Я сперва думала, я ее вообще никогда не прощу. Мы же переписывались через дупло, как Дубровский, пока Егоров не выследил и не навалил в дупло дерьма. Мы же вместе Егорова били, а потом сидели на крыльце, ели рогалик и запивали молоком из бутылки. И не хотели домой идти, у нее мама дома, а у меня ключей нет. А мама скажет «быстро за уроки», но Настя всегда говорила «можно мы с Асей вместе», тетя Лена всегда разрешала, потому что мы вместе быстрее делали, и я еще Насте все объясняла. У нее почерк был смешной, заваленный влево — такие тоненькие колбаски с левым наклоном. Я смеху ради научилась так писать и один раз за нее домашку по русскому прямо на уроке сделала. Пока Евгеньевна с первого ряда пошла проверять по очереди — мы на третьем ряду сидели — Никитько сидит ревет: я не сделала, она мне двойку поставит, меня отец убьет! — ясен пень, не убьет, дядя Леня в жизни никого не убьет, — но не реви, говорю, дай тетрадь, я тебе все напишу. Я пишу, она ревет. Написала, как раз успела. Евгеньевна посмотрела, хмыкнула, поставила четверку за неаккуратность.
А тетя Лена всегда меня кормила. Обедом из трех блюд, и на третье вишневый компот. Мы с Никитько ели вишни, плевались косточками и ржали. Мама говорила — ну что, дома тебя не кормят? А тетя Лена говорила — Свет, ну сегодня ты мою, завтра я твою, ну чего ты? Они уже на ты были к этому времени… или нет, это потом.
Это когда мы помирились, Никитько сказала — я не знала, что они так сделают, я не хотела.
Я сказала — я знаю, что ты не хотела, я только больше не могу. Она сказала — я знаю, я тоже больше не могу. И мы в Шуричка и Костика больше не играли, вообще.
Мы с ней босиком по лужам ходили в мае и простудились обе, звонили друг другу и разговаривали шепотом и писком. Ржали и кашляли от смеха, а весь класс писал итоговые контрольные и бегал в «Веселые старты».
Но я знала, что Никитько больше нельзя верить, а она знала, что я знаю.
Мы теперь дружили опять, но обе знали. Я даже не удивилась, когда вся эта компания меня на перемене собралась бить за то, что я про них учителям гадости говорю.
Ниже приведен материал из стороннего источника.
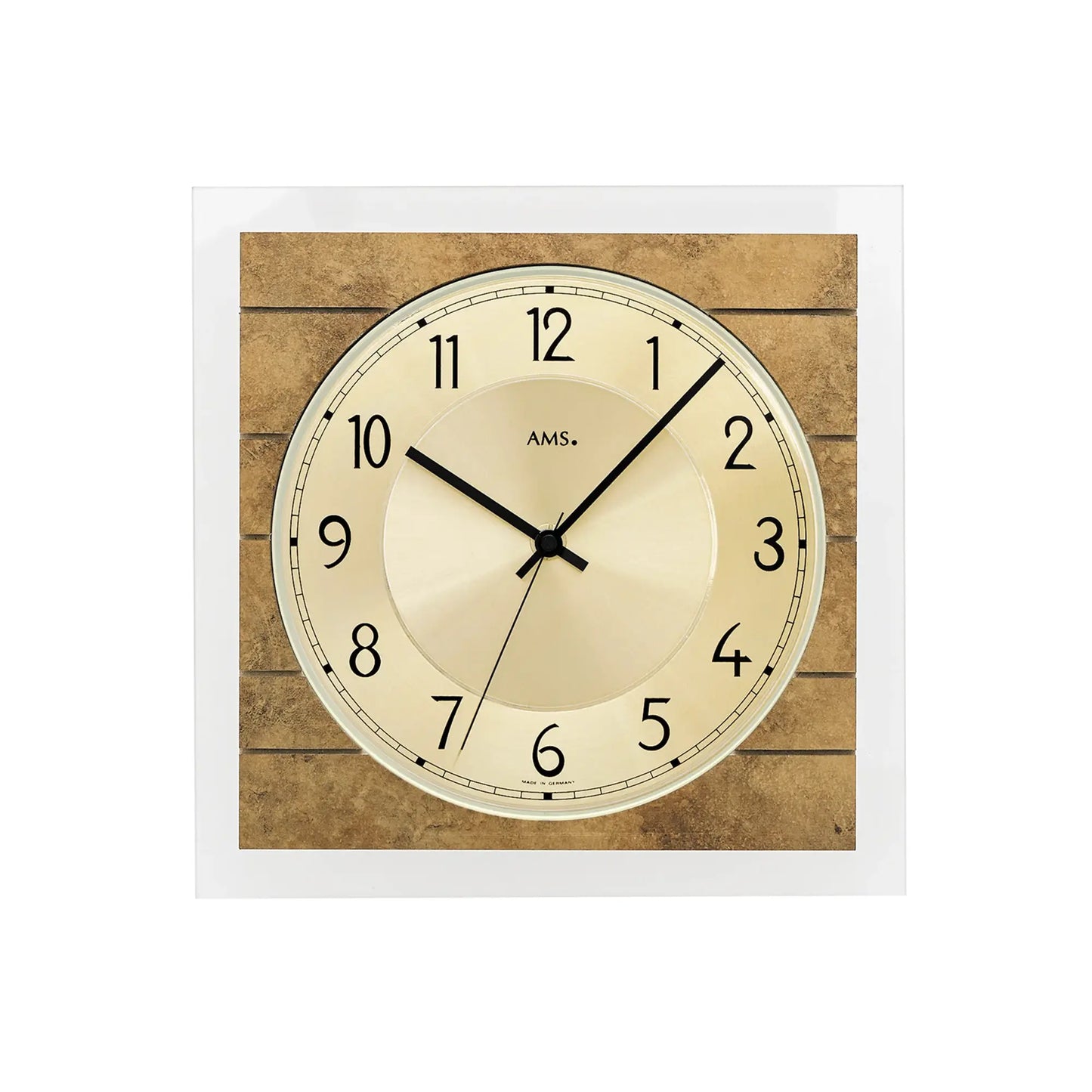 Wanduhr mit rundem Zifferblatt, großen Zahlen, Holzrahmen und Mineralglas, antikmessingfarbig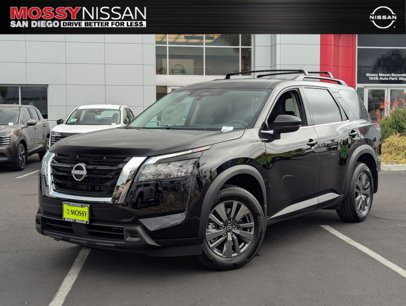 New 2025 Nissan Pathfinder SV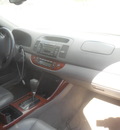 toyota camry le xle se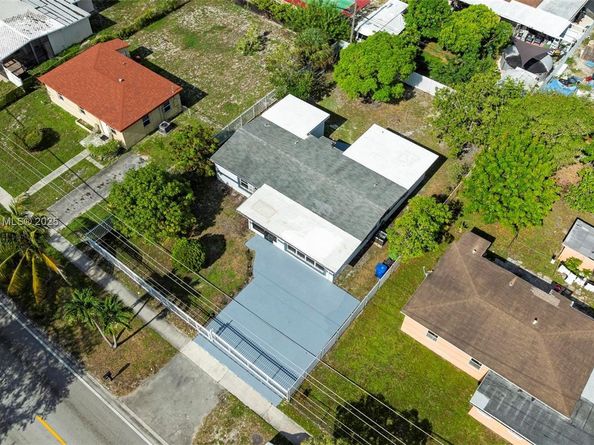 1237 NW 15th Ave, Fort Lauderdale FL 33311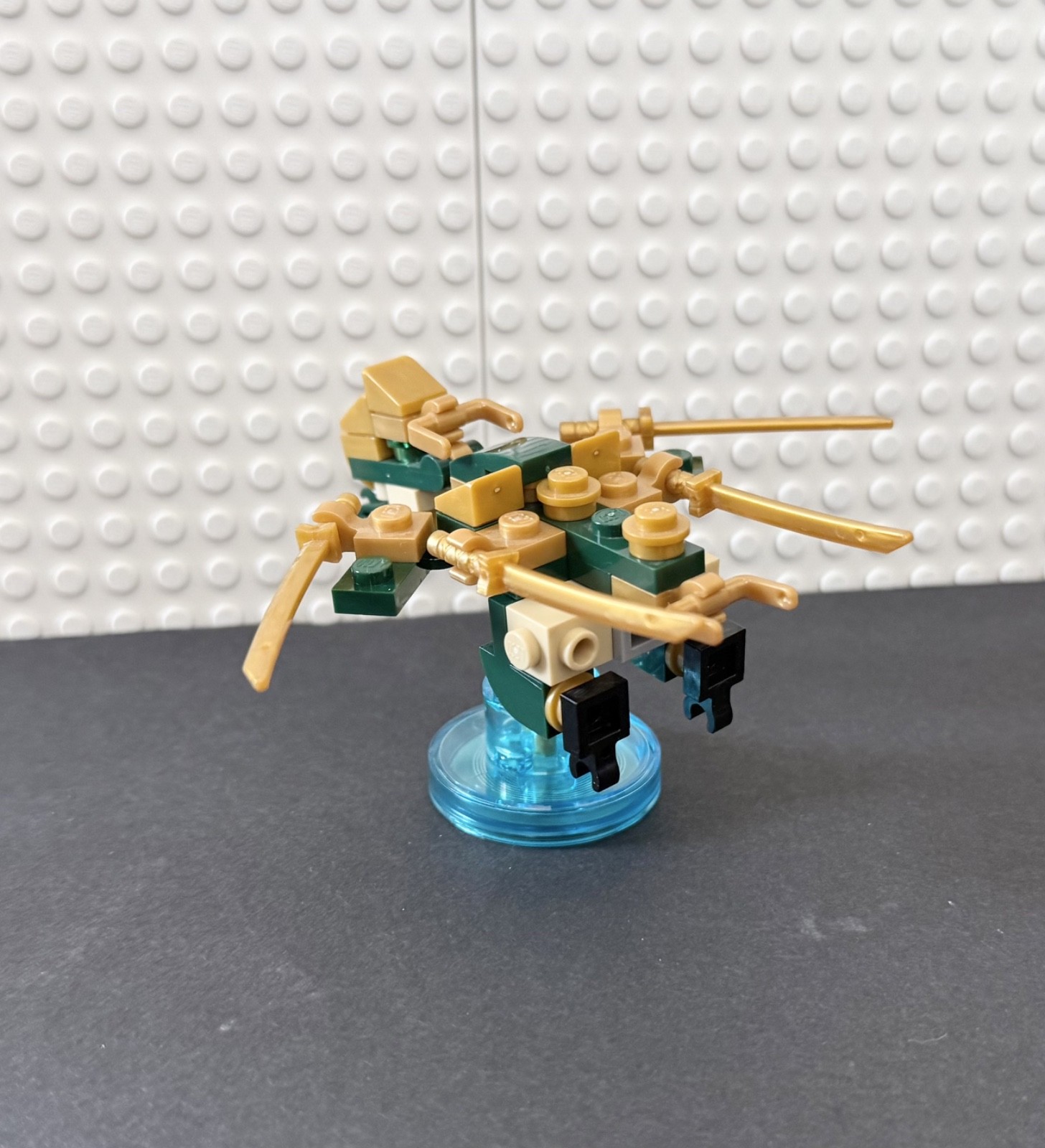 Lego Dimensions Ninjago Lloyd Fun Pack 71239 Gold Ninja Golden Dragon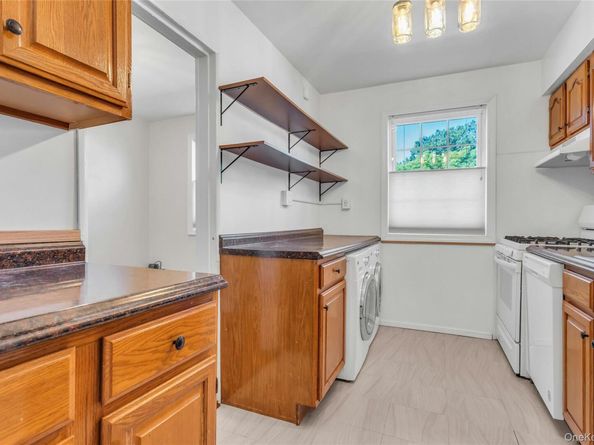 67-44 224th Street 1A, Oakland Gardens NY 11364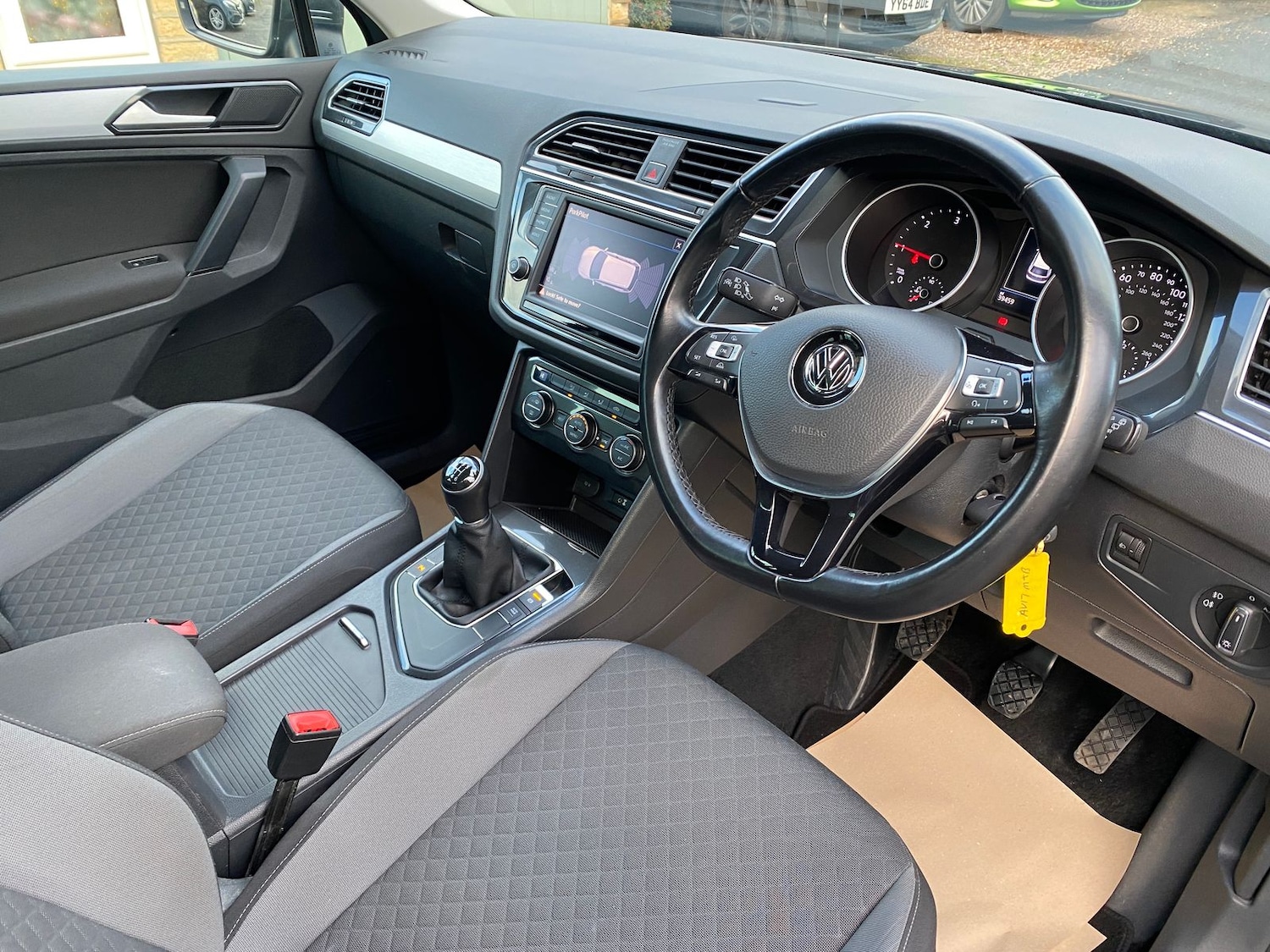 Used Volkswagen Tiguan 2017 for sale - 76491049: Photo 11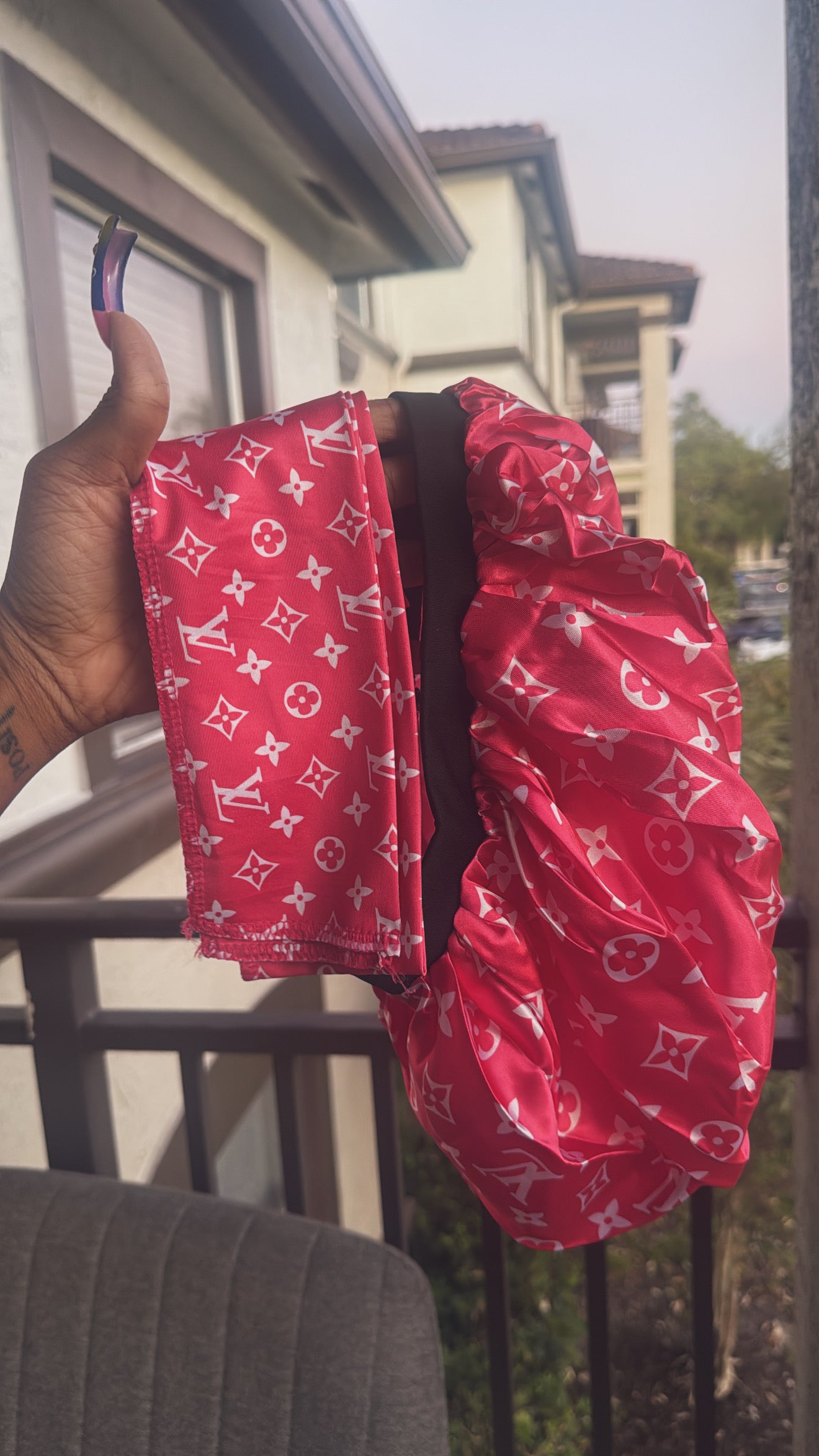 Designer bonnets sets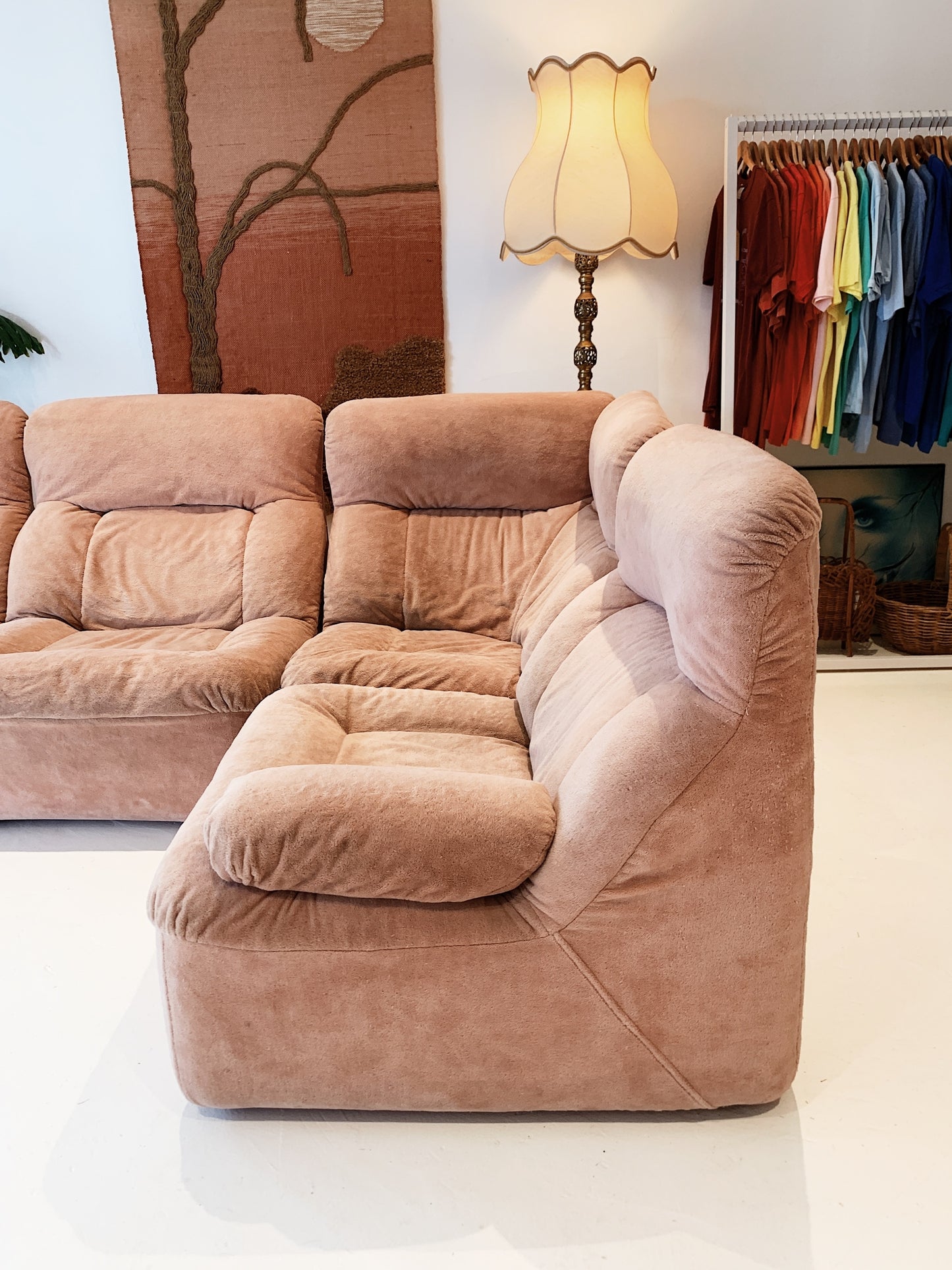 Uniroyal / Bridgestone Salmon Velour Modular Lounge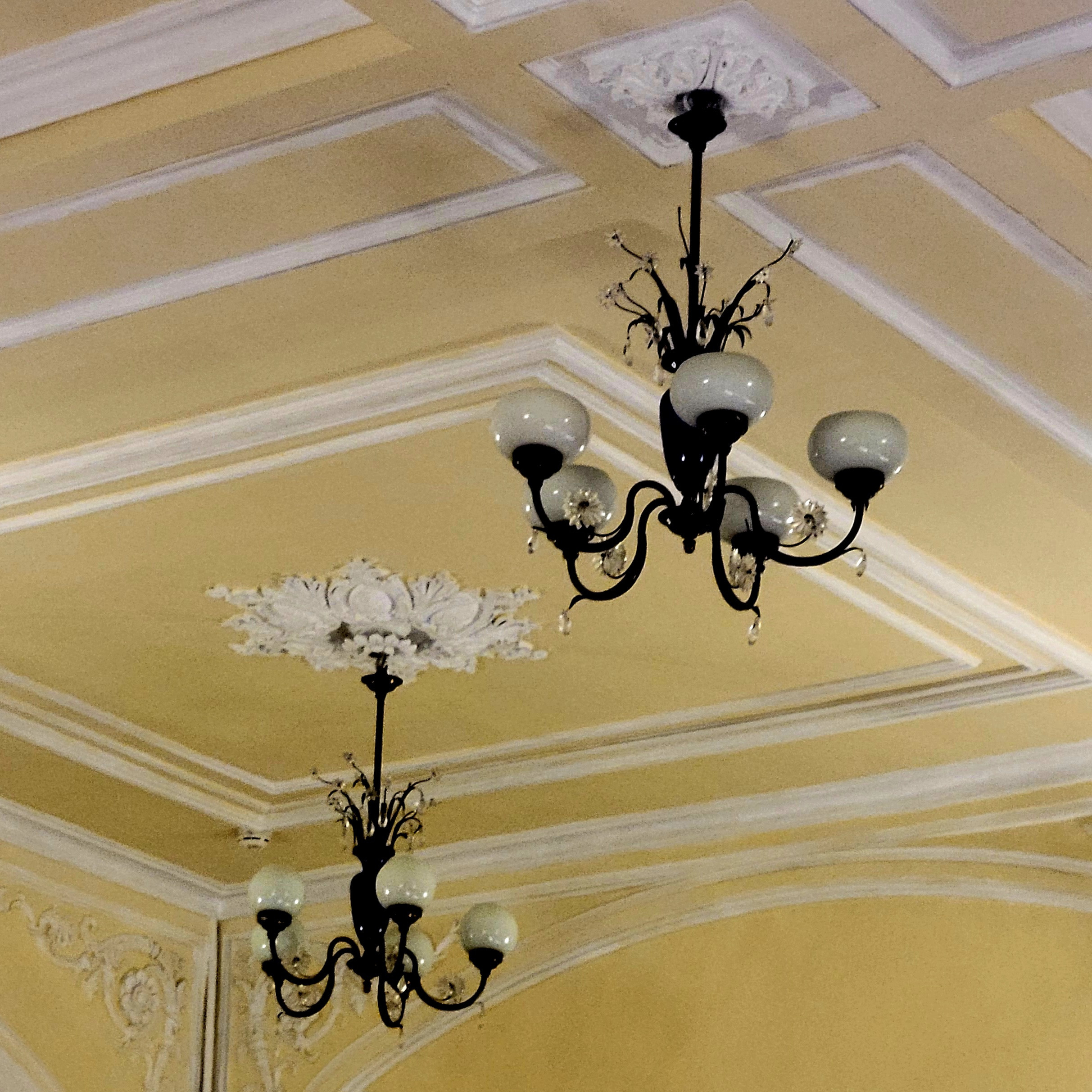 Вечером - театр Комиссаржевской. Каждый раз смотрю на люстры, и вспоминаю почти такую же у бабушки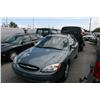 Image 2 : 2001 FORD TAURUS 4DR S/W BLUE G Odom: 80313 Vin: 1FAFP58U41G
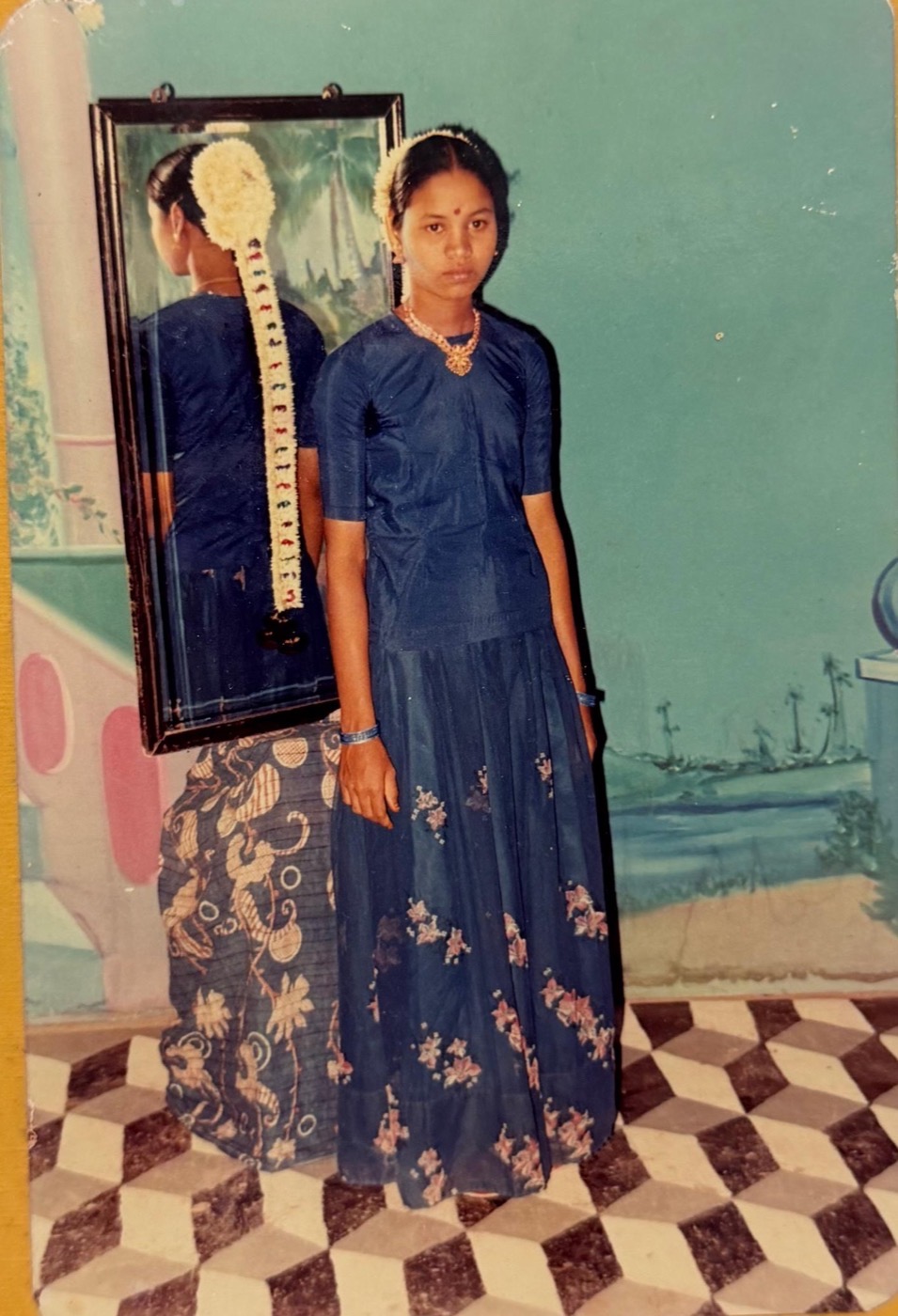 Smt. Chiluveri Maha Lakshmi photographed at Sudha Photo Studio, Gadwal in September 1986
Нет, я давно ничему не удивляюсь: я виновата тем, что хочется им кушать, если ищут козла отпущения — я всегда к услугам, далеко ходить не надо, но я ведь и забодать могу.
Нет, что у меня репутация стукачки — это я тоже, положим, к шестому классу пережила, но каких я таких гадостей могла про них рассказать, которых наши мымры про них сами не знают? Очень интересно, оказывается, я сказала, что Бирюкова влюблена в Михайлова, какая страшная гадость. Вся школа эту гадость знает, а физичке, значит, рассказала я. А то зачем я, спрашивается, оставалась после уроков? К олимпиаде готовиться? Ты сама говорила, что тебе на фиг та олимпиада не нужна? Ведь говорила? Никитько, подтверди — она тебе это говорила?
Говорила, кивает Никитько. И мне нечем крыть, потому что мне та олимпиада на фиг не нужна, и они достали уже со своей честью школы, я не хочу быть честью школы по физике, химии и математике, по биологии ладно, но оставьте меня в покое с физикой хотя бы, что — в школе больше ни одного отличника нет?
Говорила, да. Изобличена полностью: значит, не к олимпиаде готовилась, а на ухо шептала физичке, что Бирюкова плюс Михайлов равно любовь, любовь солома, сердце жар, одна минута и пожар! И что я скажу — не я, нет, не я рассказала, что Вяльцева хочет уходить после восьмого, потому что ей школа надоела? она же при мне этого говорила? Никитько, подтверди?
Говорила, кивает Никитько, не глядя на меня. Я на нее тоже не гляжу, я боюсь, что если погляжу — мы обе задымимся, пщщщщщщ, и все, останутся два плевочка лежать.